• _AIM OF THE TASK_:
In the records below, begin at the line that has "The image shows" and stop after the line that has "Một cảnh sát"; quote those lines verbatim and nothing more.

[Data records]
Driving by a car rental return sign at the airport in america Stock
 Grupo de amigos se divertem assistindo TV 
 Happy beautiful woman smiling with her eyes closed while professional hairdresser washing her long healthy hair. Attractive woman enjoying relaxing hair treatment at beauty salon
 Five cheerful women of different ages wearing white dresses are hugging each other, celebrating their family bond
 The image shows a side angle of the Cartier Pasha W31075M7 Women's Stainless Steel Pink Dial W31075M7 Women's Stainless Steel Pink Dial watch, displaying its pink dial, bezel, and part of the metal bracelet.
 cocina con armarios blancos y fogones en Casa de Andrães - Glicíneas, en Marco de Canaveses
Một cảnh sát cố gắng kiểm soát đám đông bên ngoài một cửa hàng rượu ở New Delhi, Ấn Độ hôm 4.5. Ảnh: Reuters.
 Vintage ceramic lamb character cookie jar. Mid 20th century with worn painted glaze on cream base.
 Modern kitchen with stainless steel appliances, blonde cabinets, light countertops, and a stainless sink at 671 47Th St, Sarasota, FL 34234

• _SOLUTION FOR THIS EXERCISE_:
 The image shows a side angle of the Cartier Pasha W31075M7 Women's Stainless Steel Pink Dial W31075M7 Women's Stainless Steel Pink Dial watch, displaying its pink dial, bezel, and part of the metal bracelet.
 cocina con armarios blancos y fogones en Casa de Andrães - Glicíneas, en Marco de Canaveses
Một cảnh sát cố gắng kiểm soát đám đông bên ngoài một cửa hàng rượu ở New Delhi, Ấn Độ hôm 4.5. Ảnh: Reuters.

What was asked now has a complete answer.